I think it's a great call out Bhutto. And from a practicing physician or a an executive running a hospital to an industry leader were all patients or somebody that we love as a patient. And so that call out that you're making is be proactive as a patient and also as a care giver and a provider. Be more inclusive. Try to get your patients to be more involved.

[00:06:41] Bodo Hoenen

Right?. Absolutely.

[00:06:42] Saul Marquez

Love it. And, you know, it's a great call out. So you guys reached out proactively to other families today. Luckily, there's a lot of ways that we could do that. There's social groups like we had Dan Hinmon from the Mayo Clinic talking to us about Facebook groups for patients. There's online forums. There's a lot of ways we could do this. Definitely a great call out by Bodo for everybody listening. Give us an example of how that led to better results for you and your daughter by being proactive.

[00:07:12] Bodo Hoenen

So we we were in the hospital. Lorelai and I were thinking about, you know, researching ways in which other paralyzed people are being treated. And we found some examples of exoskeletons being used to help paralyzed people regain movement. And we thought, let's reach out to these research projects and these people doing this and let's see if they can help us or whatever the case may be. And we reached out and they weren't open. They weren't open in sharing what they were doing and they were helping adult patients as opposed to kids. And so we decided, let's try build one ourselves. We don't know how to do it, but.

[00:07:50] Saul Marquez

That's crazy.

[00:07:51] Bodo Hoenen

I'm used to working in that environment. I still don't know how to do it. But we managed to get hundreds of experts from around the world to help us.

[00:08:00] Saul Marquez

How did you do that? How did you get hundreds of experts from around the world?

[00:08:04] Bodo Hoenen

So the way I tackle these problems is to break the challenges down into bite sized components first. So my daughter and I first, we sketched out this really, really rudimentary design of an exoskeleton. We wanted to 3D print some arm braces. We wanted to use some type of motor. A pulley has an external muscle and we wanted to have some sensors built into the sleeve to try and pick up the very faint signals still going to her muscles and to use those as control signals for the access codes. So even though the signal's going to muscles aren't strong enough to actually move a muscle, we still wanted to try and pick up those signals so that she continually sends the signals to her muscle even though it's paralyzed or it doesn't move. We wanted to to force the brain to continually send signals that way so that she doesn't forget. And in the hope that it would help the rehabilitation like we saw in the examples we researched. And so we broke down this project into those components. And so the first problem is we don't know how to 3D prints. Right. So let us find a community that can help us 3D print. We did that and then we we didn't know how to. And then we realized that we needed accurate measurements of Laurel's arm. And then we didn't know how to do a 3D scan of her arm. So we reached out to communities doing 3D scans to help us with that.

[00:09:21] Saul Marquez

And so reaching out nationally or globally?

[00:09:24] Bodo Hoenen

This was globally. So we just did a Google search, unlike 3D printing communities.
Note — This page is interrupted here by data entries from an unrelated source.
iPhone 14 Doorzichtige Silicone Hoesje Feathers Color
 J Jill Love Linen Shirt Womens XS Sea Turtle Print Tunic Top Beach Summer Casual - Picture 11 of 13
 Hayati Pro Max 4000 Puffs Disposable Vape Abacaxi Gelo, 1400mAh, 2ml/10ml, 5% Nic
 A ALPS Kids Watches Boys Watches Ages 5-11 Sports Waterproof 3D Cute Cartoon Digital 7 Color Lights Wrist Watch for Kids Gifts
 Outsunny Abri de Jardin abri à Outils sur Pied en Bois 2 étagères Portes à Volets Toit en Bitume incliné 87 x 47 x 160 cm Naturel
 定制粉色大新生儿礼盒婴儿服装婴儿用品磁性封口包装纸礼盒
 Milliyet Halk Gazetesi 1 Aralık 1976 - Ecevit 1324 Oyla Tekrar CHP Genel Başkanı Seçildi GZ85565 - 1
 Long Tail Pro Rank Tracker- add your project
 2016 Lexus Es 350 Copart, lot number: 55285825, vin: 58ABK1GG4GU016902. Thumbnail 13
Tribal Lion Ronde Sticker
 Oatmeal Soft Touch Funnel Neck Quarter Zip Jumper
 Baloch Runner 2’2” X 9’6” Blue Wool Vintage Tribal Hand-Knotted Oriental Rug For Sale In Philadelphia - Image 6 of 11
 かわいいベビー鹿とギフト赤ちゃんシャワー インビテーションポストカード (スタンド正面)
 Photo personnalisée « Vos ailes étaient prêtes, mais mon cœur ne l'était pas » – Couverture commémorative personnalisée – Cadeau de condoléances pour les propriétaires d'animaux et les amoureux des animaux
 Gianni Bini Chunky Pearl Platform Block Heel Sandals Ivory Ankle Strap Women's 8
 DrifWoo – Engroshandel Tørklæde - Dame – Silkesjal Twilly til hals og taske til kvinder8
We found them on Facebook and Twitter and linked and then in Google Plus and and all of these different weird places.

[00:09:37] Saul Marquez

But it kind of reminds me of how Elon Musk just decided to build a rocket like he had no idea. Yeah, he is smart, right. But he had no idea how to build a rocket. But he just kind of did what you guys are doing anyway, just not to take you off track. But it's like inspiring. Go ahead. Continue with your story. I'm listening.

[00:09:54] Bodo Hoenen

What I find this fascinating is how much how much cognitive surplus there is. And experts all around the world and and most of these experts are stuck doing work that isn't really meaningful to them. And so when you proposed to them, hey, listen, you know, we're trying to build this exoskeleton and we have to completely, openly. Can you help us? You'd be surprised how quickly people are saying here how you know. Let me jump out of my work for six hours and help these people. And I think the key is that everything we do is then shared openly, which is wonderful, because then other people can take it further. But this was the process we used to to try and solve these challenges. And again, we didn't have the expectation that we'd actually get it done. But this was our process. And what was really fun and interesting and exciting was for four or five weeks after coming home from the hospital, we started to really enjoy the process. As soon as Lorelai came home from school, we used to drop a bags. We wouldn't do homework, which we can care about doing homework. But we we immediately started working on this project. That's awesome. And we used to have Skype phone calls with crazy people from around the world. And some of them these people would teach us how to wire and what we know or how to hook up the electrodes or how to code a piece of software or all of these different things. And my five year old daughter and my my three year old son used to get involved and my wife was sewing for us. And all of these things, we had so much fun, which was I also think, part of the healing process. She didn't accept her own condition. She was hopeful that that something would happen. She was working actively on solving this challenge and she was actively sending signals to her arm continually since since day one. And all of this, I think, helped her in the end.

[00:11:41] Saul Marquez

What a neat journey. And definitely. Appreciate you sharing that. The ins and outs and man. And be like this guy as a cool dad. I don't have to do my homework. This is awesome. I get that. I get to talk to people from all over the world. The cool stuff that actually does make me smarter and helps me at the same time in the world. Love your story, Bodo. Definitely appreciate you sharing it. As you were working on this problem. Share with us a mistake or a setback that you guys made that made you guys better or would you learn from it?

[00:12:13] Bodo Hoenen

I mean, there were tons of things we got wrong and we had to tweak. Initially, the 3D printing was completely. We tried to print out the brace to fit around perfectly and then realized, well, her arm is going to continually change shape and grow and all these things. And so we we redesigned it using peel a plastic which can be molded if you just apply some heat. And so we we redesigned it. And it turns out to be a lot a lot easier to do, a lot easier to print, a lot easier to mold. And then we had a big challenge with I guess the the biggest challenge was trying to pick up signals from her muscles. So the traditional approach was using, you know, standard muscle sensor and it would filter out the. It would normalize the signal and filter out some of the noise and then you could apply a threshold to that signal and so it sends you pull a muscle, it reaches a threshold and you could then use that to control the excess. And that whole process is almost the traditional way that a lot of the the robotic arms use for amputees. They're working with healthy muscles. And so the signal is pretty strong. But that process, that way of doing things really didn't work for us. I mean, it worked for me and we tested out a mile. It worked really well. But with Lorelai, I don't know the accurate numbers, but it's like she only had 2 percent of the signal going to a muscle. And somehow we needed to pick up that really faint signal and all the noise that her body generates.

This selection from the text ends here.